Illinois’s full-slate requirement works like this: The state puts political-party affiliations next to candidates’ names on the ballot. For balloting purposes, Illinois classifies all political parties as “established” or “new.” If a political party did not receive 5% of the vote in the most recent election, the party is considered “new” and not “established.”
For a “new” party to have its party name on the ballot next to its candidates, the party must field a “full slate of candidates, one for each race in the relevant political subdivision.” So for example, if a “new” party wants its name on the ballot next to its nominee for county auditor, the party must also field candidates for circuit clerk, recorder, prosecutor, coroner, school superintendent, etc.

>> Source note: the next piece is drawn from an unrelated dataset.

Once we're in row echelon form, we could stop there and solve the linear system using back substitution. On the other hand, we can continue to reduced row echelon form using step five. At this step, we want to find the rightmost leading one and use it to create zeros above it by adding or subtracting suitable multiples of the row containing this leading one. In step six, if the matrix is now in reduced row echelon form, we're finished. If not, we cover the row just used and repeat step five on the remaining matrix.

Okay, that wasn’t an example. It was exactly what happened to Julie Fox–the Libertarian Party’s nominee in 2012 for auditor of Kane County, Illinois, which includes the western suburbs of Chicago. She wanted to have “Libertarian” next to her name on the ballot, but the state refused because the Libertarian Party did not submit a full slate of candidates for the county-level elections in Kane County.

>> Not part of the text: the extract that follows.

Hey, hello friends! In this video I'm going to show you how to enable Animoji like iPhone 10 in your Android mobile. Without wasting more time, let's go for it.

Fox and the Libertarian Party sued, arguing that the state’s full-slate requirement violates their First Amendment right to free association. They won, and it wasn’t even close. The Seventh Circuit found the full-slate requirement unconstitutional with “little difficulty.” The Court found that it “severely burdens the First Amendment rights of minor parties, their members, and voters.” According to the Court, minor parties must “find and recruit candidates for races they want nothing to do with” and “locate candidates for relatively obscure offices.” The Court also found that requirement burdens the rights of the candidates of minor parties to run as their party’s standard bearer.
[Fun fact: only one person (Terry Hunt) was on the general-election ballot for Kane County Auditor in 2012, the Republican Party’s nominee, and he won with 100% of the vote. He was re-elected in 2016, again as the only one on the ballot.]
The Court also found that the Libertarian Party had standing to sue because the full-slate requirement continued to violate the Party’s right to free association.
Case: Libertarian Party of Ill. v. Scholz, Nos. 16-1667 & 16-1775 (7th Cir. Sept. 22, 2017) (opinion here)
Great win for voters and potential candidates and the small parties under whose umbrella they might like to run.